Pima County will have to rely next year and beyond on its general fund for debt service on bonds used to build Tucson Electric Park after the Arizona Diamondbacks completed their final spring training at the facility last week. The team will move its spring training operations to a new stadium near Scottsdale in 2011.

The county issued $30 million of bonds in 1997 to build the training complex, of which about $22 million is outstanding. Debt service on the stadium construction bonds is about $3 million a year, but anticipated revenue will be about $1.5 million a year after the team’s move.

County officials said last week that the end of spring training at the facility means the hotel and car rental taxes that have been supporting the debt will not be sufficient to cover the debt service. As a result, much of the debt must now be serviced from the county’s general fund.
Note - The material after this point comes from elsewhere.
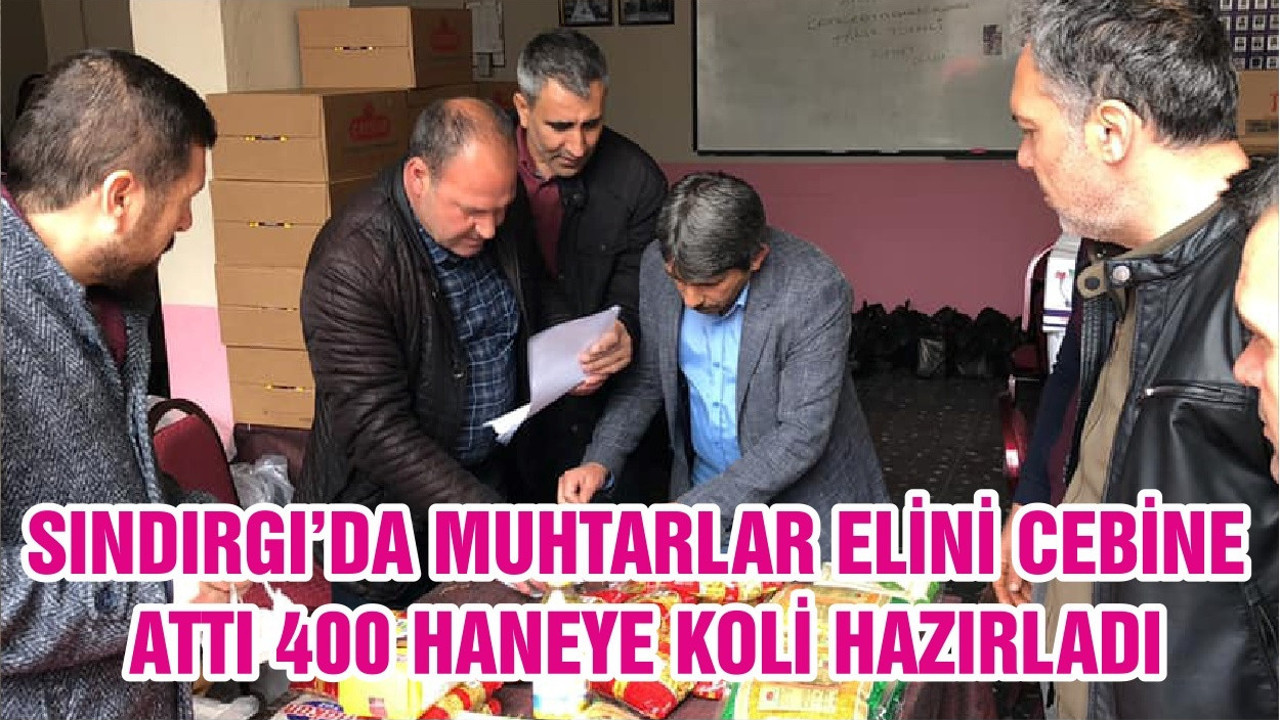 SINDIRGI’DA MUHTARLAR ELİNİ CEBİNE ATTI 400 HANEYE KOLİ HAZIRLADI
The debt is to be retired in 2019.

County administrator Chuck Huckelberry said the county’s annual debt service for the baseball complex has been covered by its share of revenue from spring training ticket sales and the tourism taxes.

Pima County built the stadium and associated practice fields for $38 million for the Chicago White Sox and the Diamondbacks. The Chicago team moved to a new facility in Glendale in 2009.

The Colorado Rockies, who have been training in Tucson at a separate facility, will share the Glendale complex with the White Sox beginning in 2011.